Yep, another book for the Back to the Classics Challenge - 2021, in the category twentieth century classic.

10 comments:

  1. Pretty fascinating in its similarities to Great Gatsby. I keep intending to read more Maugham, but have read almost nothing. And I, too, have this copy of The Razor's Edge which I've owned for years...

    Thanks for this!

    ReplyDelete
  2. I read this so long ago I don't remember it very well but liked it and have been meaning to watch the movie. My book group has been watching movies and discussing them together for the last six months but I haven't had time to join them. This combo might be a good one for me to suggest. We were planning to watch Wives and Daughters after reading it but it wasn't available on any platform.

    ReplyDelete
  3. I love W. Somerset Maugham! I went through a Maugham phase several years ago and read all of his books. The Moon and Sixpence was one of the first I read, and I really liked it. Your review makes me want to revisit this one. :)

    ReplyDelete
  4. The only Maugham I've ever read is Of Human Bondage, and it's... well, not very entertaining. So, I've never read him again. Have always been curious about this one, and reading your review about the similarity with The Great Gatsby, set my mind to read The Painted Veil next. Thanks, Jane!

    ReplyDelete
  5. Excellent review Jane! I love the comparison to The Great Gatsby and the posting of the original Shelly poem that inspired the title.

    This title is probably the next on my list for Maugham. I’ve read Of Human Bondage, which I liked and The Razor’s Edge which was just OK for me personally - so you should read it and convince me either to re-read it or not. :D

    ReplyDelete
  6. Great review! I read this a long time ago (10+ years) and really liked it, but it was a book that got better and better the more I thought about it.

    ReplyDelete
  7. Enjoyed reading along with you on this. Wonderful book. Fantastic insight on the book. Definitely a classic worth reading and to learn from.

    ReplyDelete
  8. I have liked Maugham's writing in the past too -- I have only read The Razor's Edge decades ago but recall really being taken with it. I would like to read The Painted Veil (maybe this year) and his other books! I liked how you compared this to Gatsby's characters ... interesting. Kitty vs. Daisy!

    ReplyDelete
  9. I love The Painted Veil, I've read it several times and got something new out of it every time. The film adaptation is also wonderful, great acting, beautifully shot and a lovely score.

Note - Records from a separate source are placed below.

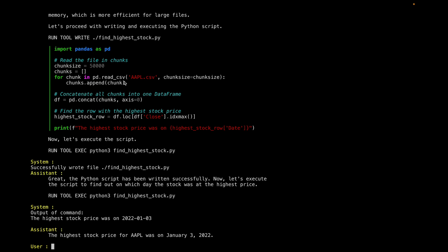And it actually ran the application, it figured out when the stock price was at its highest peak, and then it gave me the answer. So that's an interesting data analysis use case. Thank you.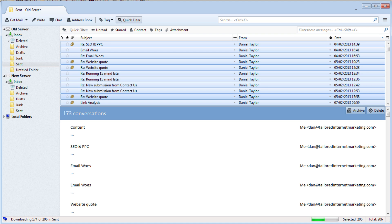Once all folders and emails are transferred, you are done. Simply set up the new email account in your email program of choice with the new server details and everything will be as it was on the old server.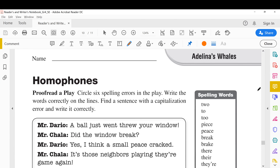Hello everyone. Today's lesson is spelling. We will try to highlight some of the mistakes students make while writing. These are very common mistakes based on the lesson we studied before — homophones. We have to proofread a play, which means read it and find any mistakes and correct them. There are six spelling errors to find and correct.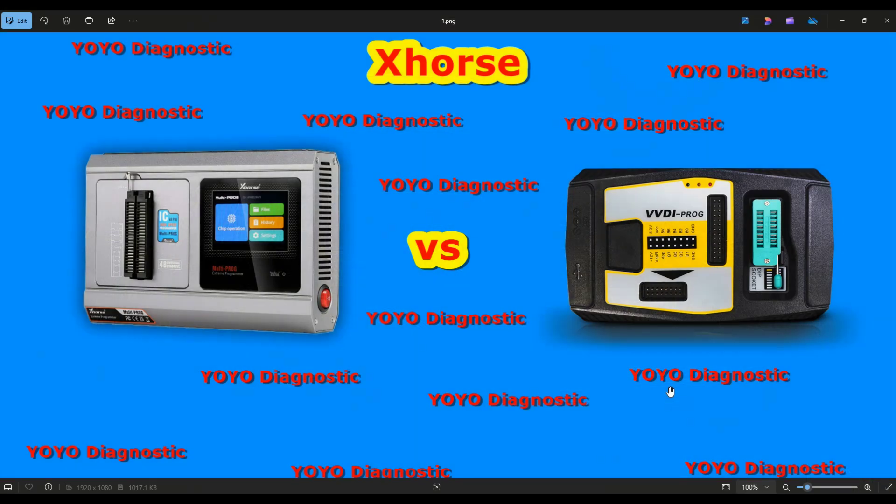Hello and welcome to another video. Today we will speak about the difference between these two programmers. They are from the same company, and before starting, I want to let you know I'm not paid by this company. I will make this comparison and give my honest opinion, like always.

    Maugham is one of my favorite authors and I particularly love Up at the Villa (which can be easily read in one sitting) and Of Human Bondage. I first read it in college after a boy in my dorm (on whom I had a massive crush) pressed it on me and insisted I read it over the holiday break. It's one of the first classics I read for pleasure, and I've since read it as an adult and loved just as much. It is long but so worth reading!

    ReplyDelete
  10. Been years since I read it, but the Asian setting was really vivid. The movie version with Naomi Watts had superb production values, excellent acting. The Garbo version is worthless unless you are a Garbo fan, lots of closeups that made her look like a saint.